The downside of offline compositing is that you're ultimately limited by the final output resolution of your composite texture, so that has to be chosen carefully. To help mitigate that problem we also support up to 4 levels of runtime layer blending, which is mostly used by static geometry to add some variation to tiled textures. So for instance you might have a wall with a brick texture tiled over it 10 times horizontally, which would obviously look tiled if you only had that layer. With runtime blending you can add some moss or some exposed mortar to break up the pattern without having to offline composite a texture that's 10x the size. 


With UE4 all of the layers are composited at runtime. So the pixel shader iterates through all layers, determines the blend amount, and if necessary samples textures from that layer so that it can blend the parameters with the previous layer. If you do it this way you avoid needing complex build processes to generate your maps, and you also can decouple the texture resolution of your layers. But on the other hand, it may get expensive to blend lots of layers.

#5288056 [D3D12] About CommandList, CommandQueue and CommandAllocator

Posted by MJP on 21 April 2016 - 04:59 PM

GPU's can also pre-fetch command buffer memory in order to hide any latency.

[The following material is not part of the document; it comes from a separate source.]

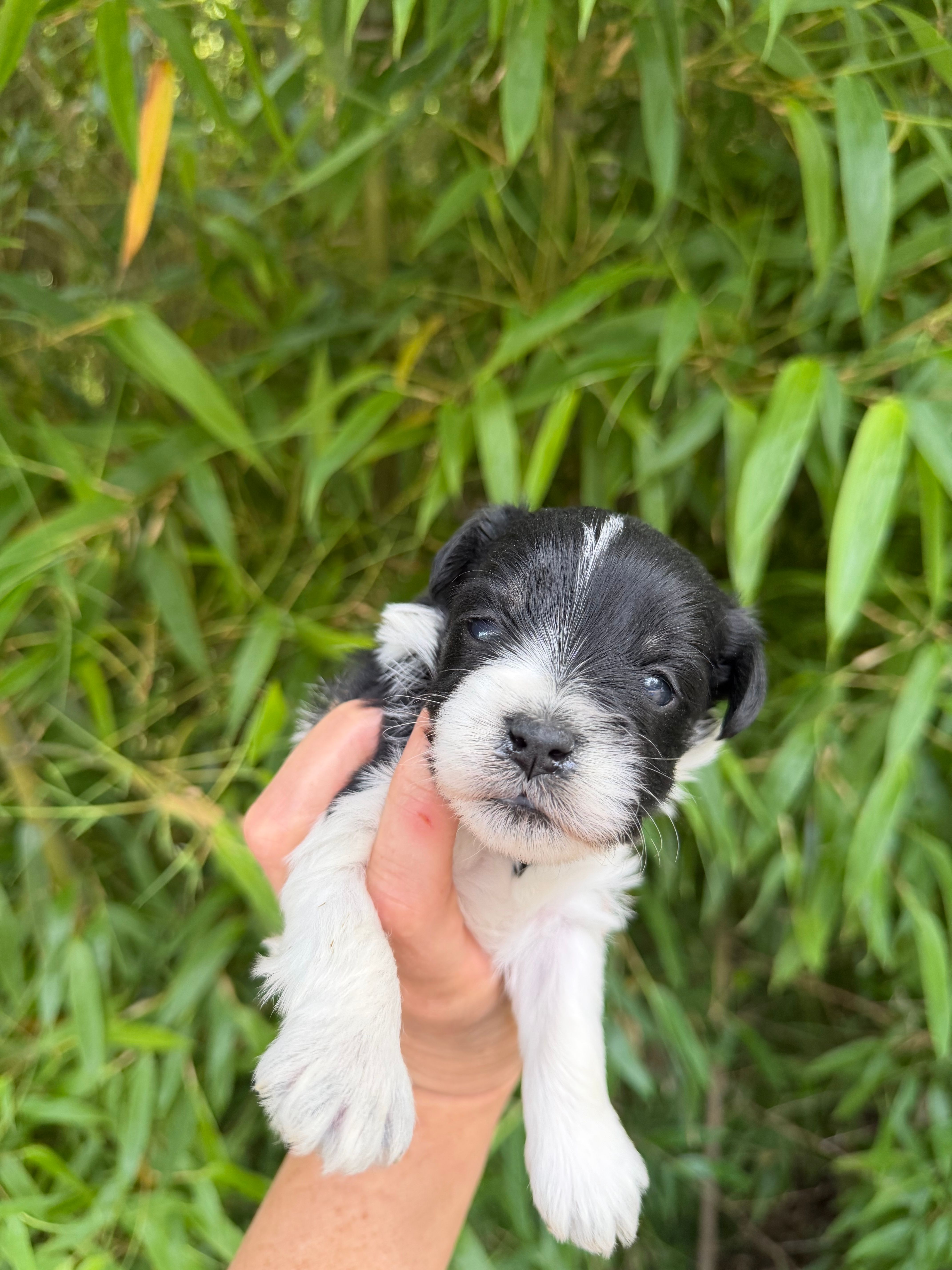 John C – Miniature Schnauzer puppy for sale in Glasgow, KY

Pre-fetching is easy in this case because the front-end will typically just march forward, since jumps are not common (unless you're talking about the PS3 :D)

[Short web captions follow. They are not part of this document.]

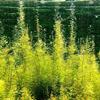 浮島種植_水生植物_生態(tài)治理抗風(fēng)浪穩(wěn)定性強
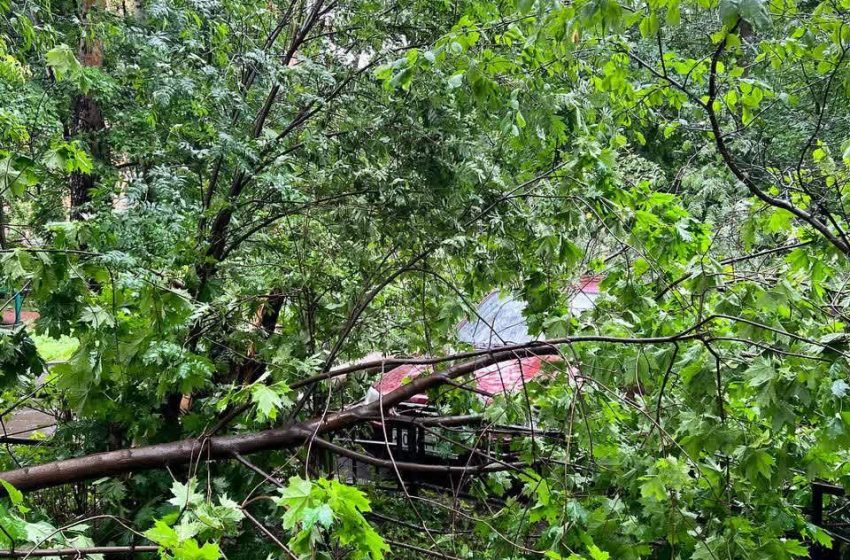  Два человека погибли после урагана в Москве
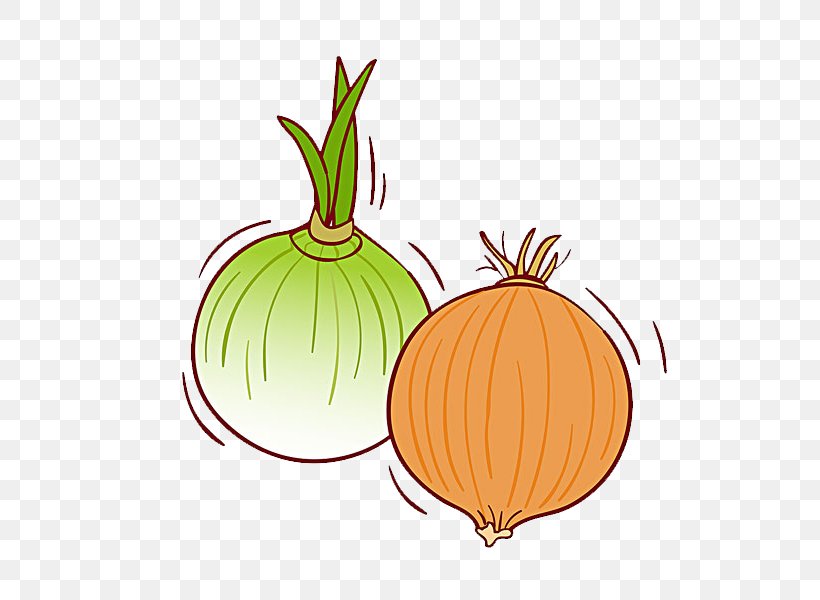 Calabaza Pumpkin Onion Vegetable Illustration, PNG, 600x600px, Calabaza, Cartoon, Commodity, Cucurbita, Food Download Free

#5287886 How to blend World Space Normals

Posted by MJP on 20 April 2016 - 08:48 PM

You'll want to use the vertex normal vector, since this is what determines the Z basis in your tangent frame.

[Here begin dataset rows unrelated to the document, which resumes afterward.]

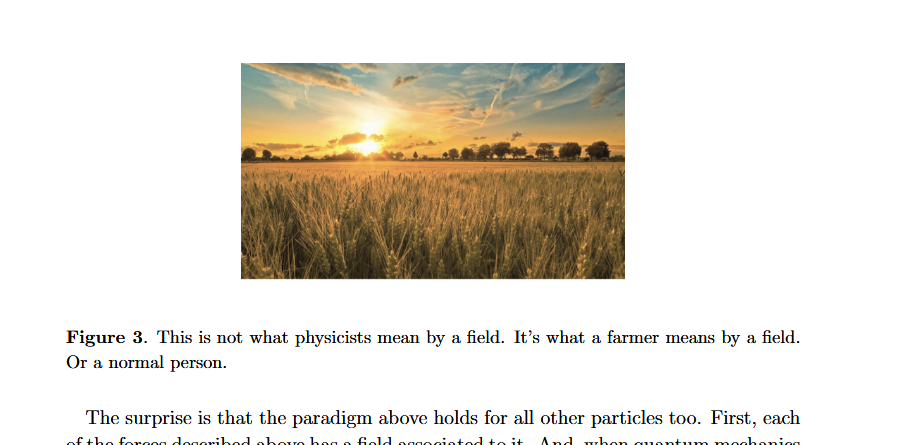 When Physicists Drop Truth Bombs In Lecture Notes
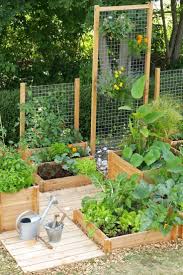 Ingin punya kebun sendiri di rumah? 17 Ide Kreatif Bikin Kebun Sayur Di Rumah Sendiri Desain Taman Kecil Kebun Sayur Taman Halaman Belakang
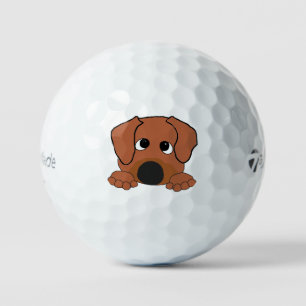 peeking rhodesian ridgeback red wheaten brown nose golf balls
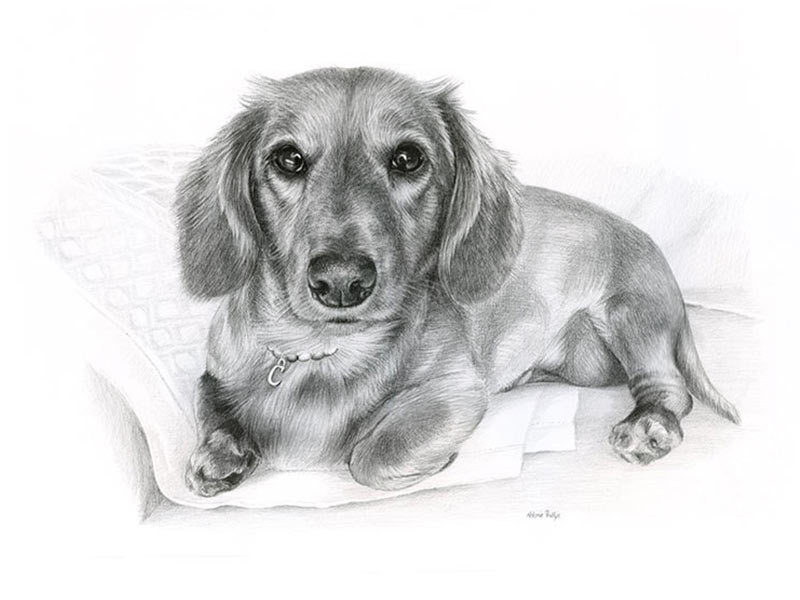 Two Pencil Pet Portraits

#5287884 [D3D12] About CommandList, CommandQueue and CommandAllocator

Posted by MJP on 20 April 2016 - 08:44 PM

There is no implied copy from CPU->GPU memory when you submit a command list. GPU's are perfectly capable of reading from CPU memory across PCI-e, and on some systems the CPU and GPU may even share the memory.

#5287707 How to blend World Space Normals

Posted by MJP on 19 April 2016 - 07:34 PM

The sample implementation of RNM on that blog post assumes that the "s" vector is a unit z vector, which is the case for tangent-space normal maps. This is represented in equations 5/6/7. If you want to work in world-space, then you need to implement equation 4 as a function that takes s as an additional parameter:


float3 ReorientNormal(in float3 u, in float3 t, in float3 s)
    // Build the shortest-arc quaternion
    float4 q = float4(cross(s, t), dot(s, t) + 1) / sqrt(2 * (dot(s, t) + 1));
    // Rotate the normal
    return u * (q.w * q.w - dot(q.xyz, q.xyz)) + 2 * q.xyz * dot(q.xyz, u) + 2 * q.w * cross(q.xyz, u);


If you pass float3(0, 0, 1) as the "s" parameter, then you will get the same result as the pre-optimized version. However the compiler may not be able to optimize it as well as the hand-optimized code provided in the blog.

#5286063 D3D alternative for OpenGL gl_BaseInstanceARB

Posted by MJP on 09 April 2016 - 03:09 PM

ExecuteIndirect supports setting arbitrary 32-bit constants through the D3D12_INDIRECT_ARGUMENT_TYPE_CONSTANT argument type. You can use this to specify transform/materialID data per-draw without having to abuse the instance offset. You can also set a root CBV or SRV via a GPU virtual address, which means you can use that to directly specify a pointer to the draw's transform data or material data.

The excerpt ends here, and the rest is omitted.